EXERCISE AIM: Give the data again exactly, without its images.

DATA SHOWN:
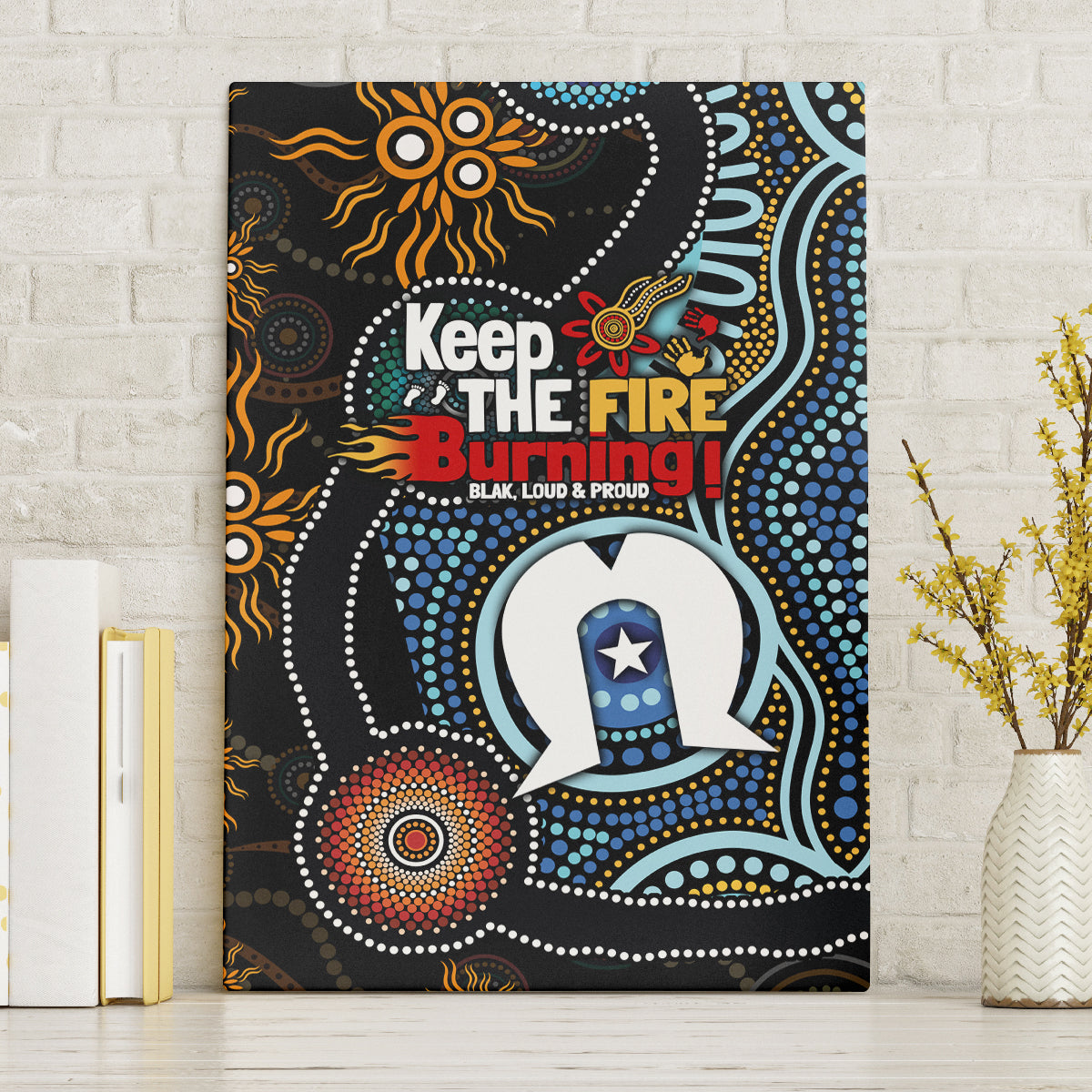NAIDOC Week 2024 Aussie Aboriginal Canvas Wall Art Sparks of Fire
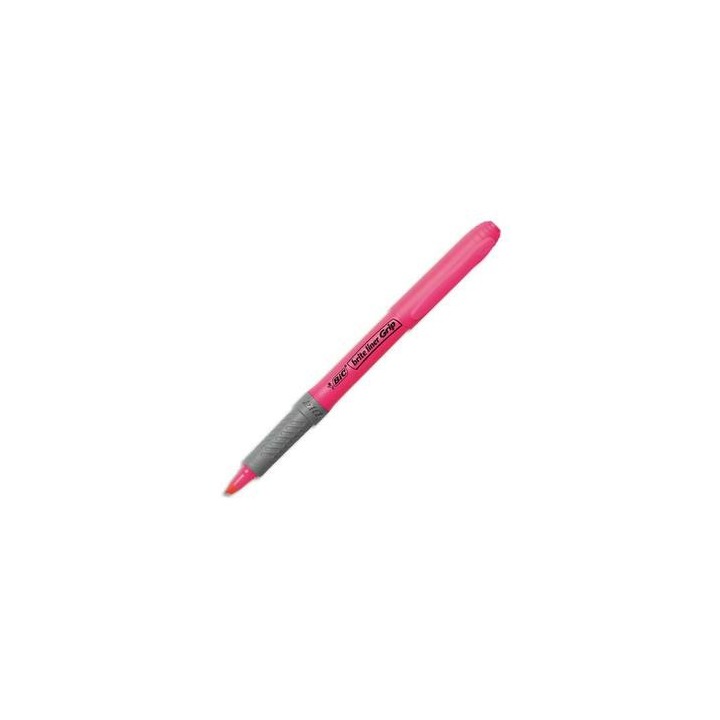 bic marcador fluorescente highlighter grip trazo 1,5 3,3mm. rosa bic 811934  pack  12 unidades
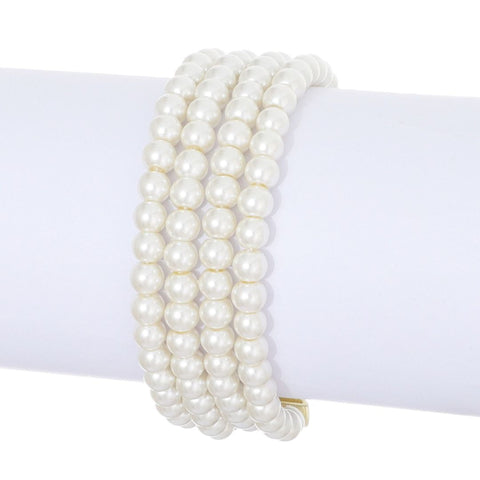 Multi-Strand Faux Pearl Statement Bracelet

TASK ANSWER:
NAIDOC Week 2024 Aussie Aboriginal Canvas Wall Art Sparks of Fire
 bic marcador fluorescente highlighter grip trazo 1,5 3,3mm. rosa bic 811934  pack  12 unidades
 Multi-Strand Faux Pearl Statement Bracelet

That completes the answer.